## ASSIGNMENT
In your copy, include no images and return each entry exactly as written.

[Image-caption web data]
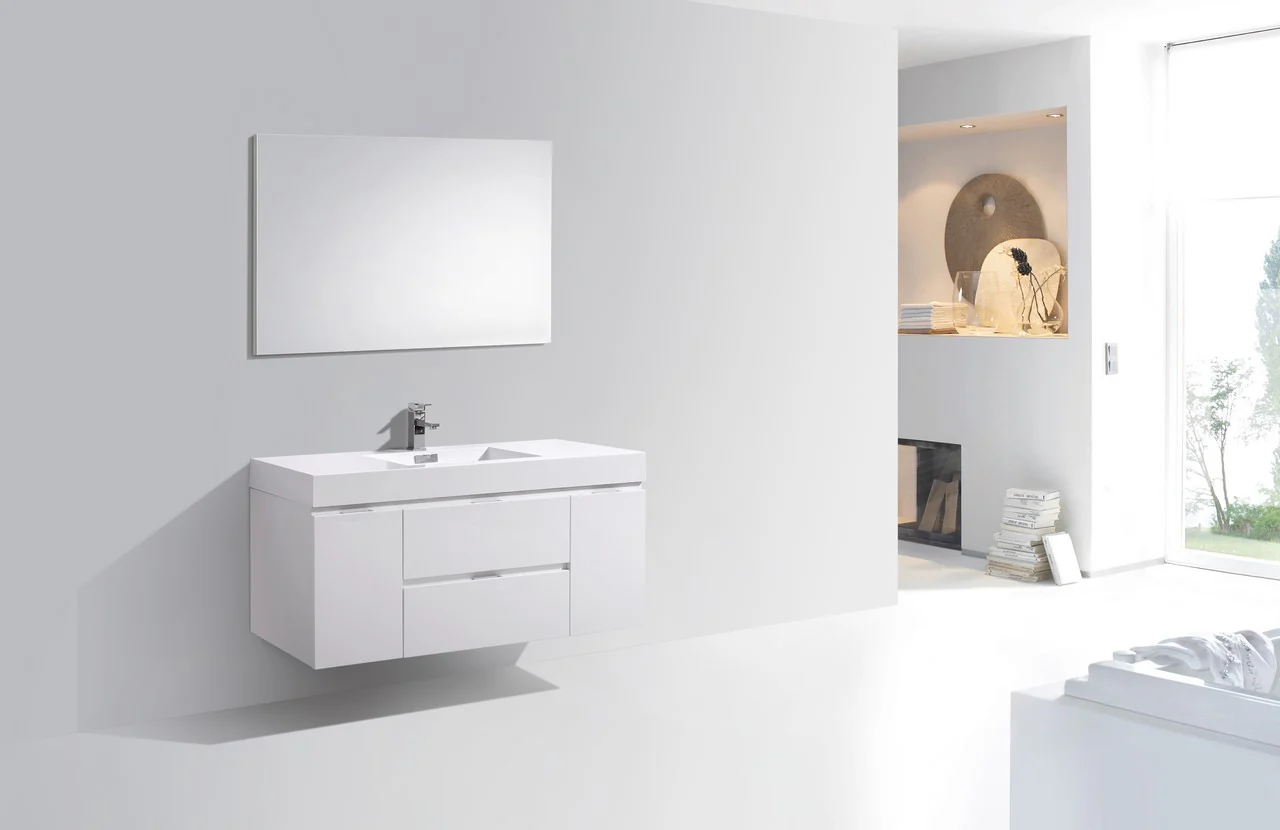 Bliss 48″ Inch High Gloss White Wall Mount Modern Bathroom Vanity - Image 2
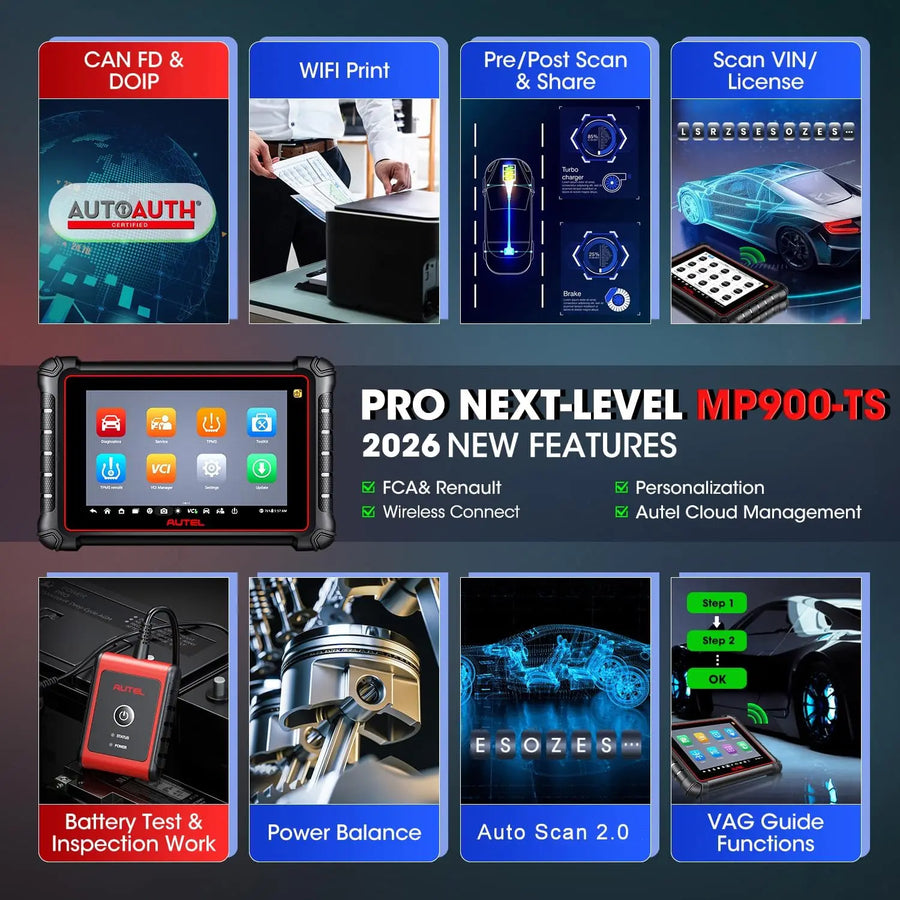 Autel MaxiPRO MP900-TS OBD2 and TPMS Diagnostic Scanner with ECU Coding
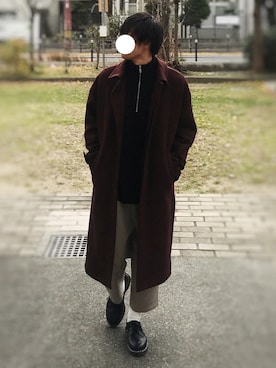 「HARE（ハレ）のオーバーステンカラーコート(HARE)（ステンカラーコート、ブラウン系）」を使った、TaKeさん（メンズ・175cm）の冬コーディネート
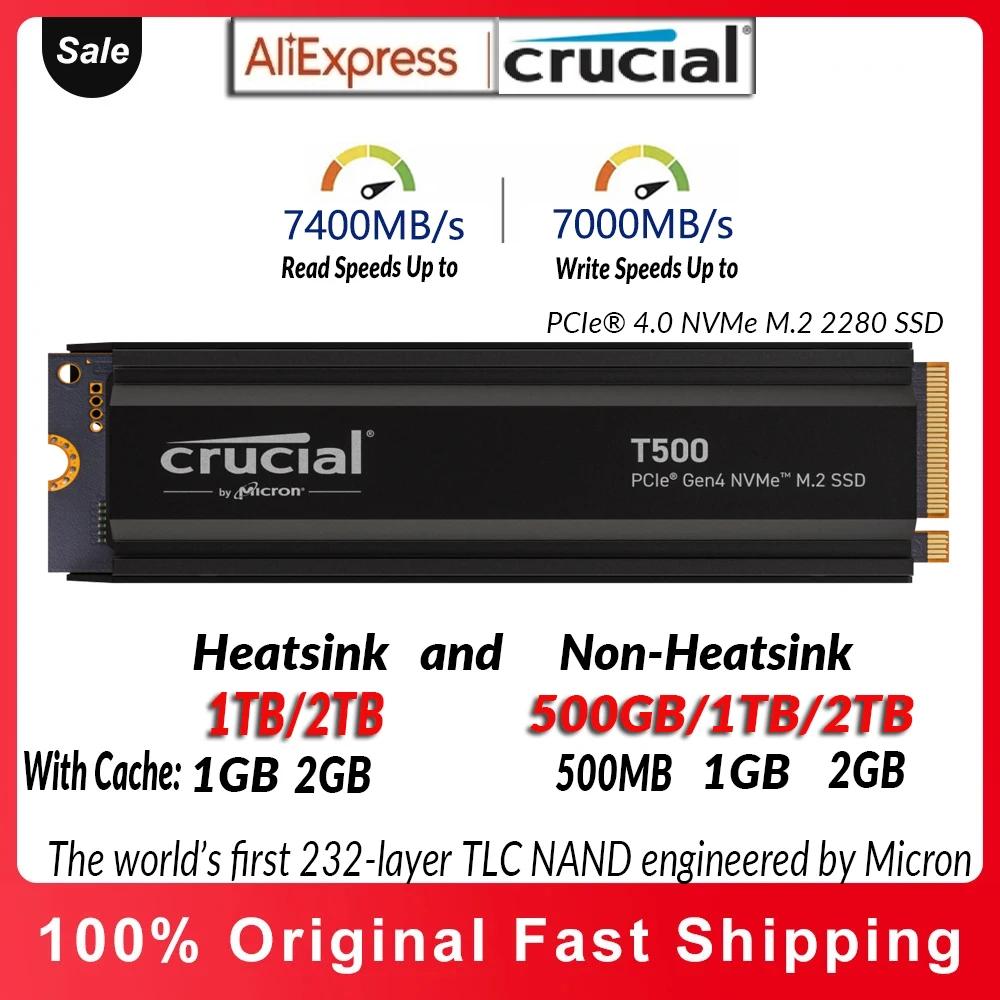 Crucial T500 PCIe 4.0 NVMe M.2 SSD,  ָ Ʈ ̺, ÷̼̽ 5 Ʈ ũž ̴ PC, 500GB, 1TB, 2TB, 7400 MB/s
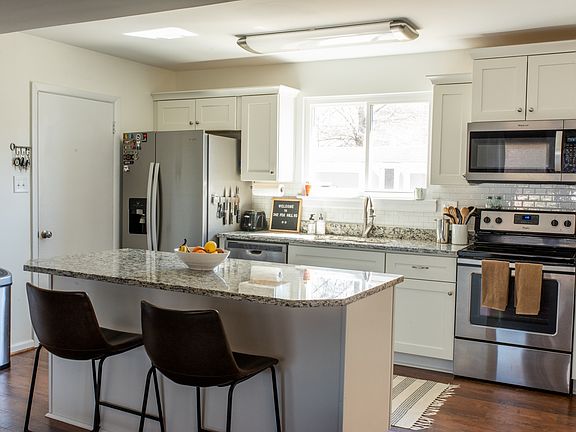 View of kitchen from living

## YOUR RESPONSE
 Bliss 48″ Inch High Gloss White Wall Mount Modern Bathroom Vanity - Image 2
 Autel MaxiPRO MP900-TS OBD2 and TPMS Diagnostic Scanner with ECU Coding
 「HARE（ハレ）のオーバーステンカラーコート(HARE)（ステンカラーコート、ブラウン系）」を使った、TaKeさん（メンズ・175cm）の冬コーディネート
 Crucial T500 PCIe 4.0 NVMe M.2 SSD,  ָ Ʈ ̺, ÷̼̽ 5 Ʈ ũž ̴ PC, 500GB, 1TB, 2TB, 7400 MB/s
 View of kitchen from living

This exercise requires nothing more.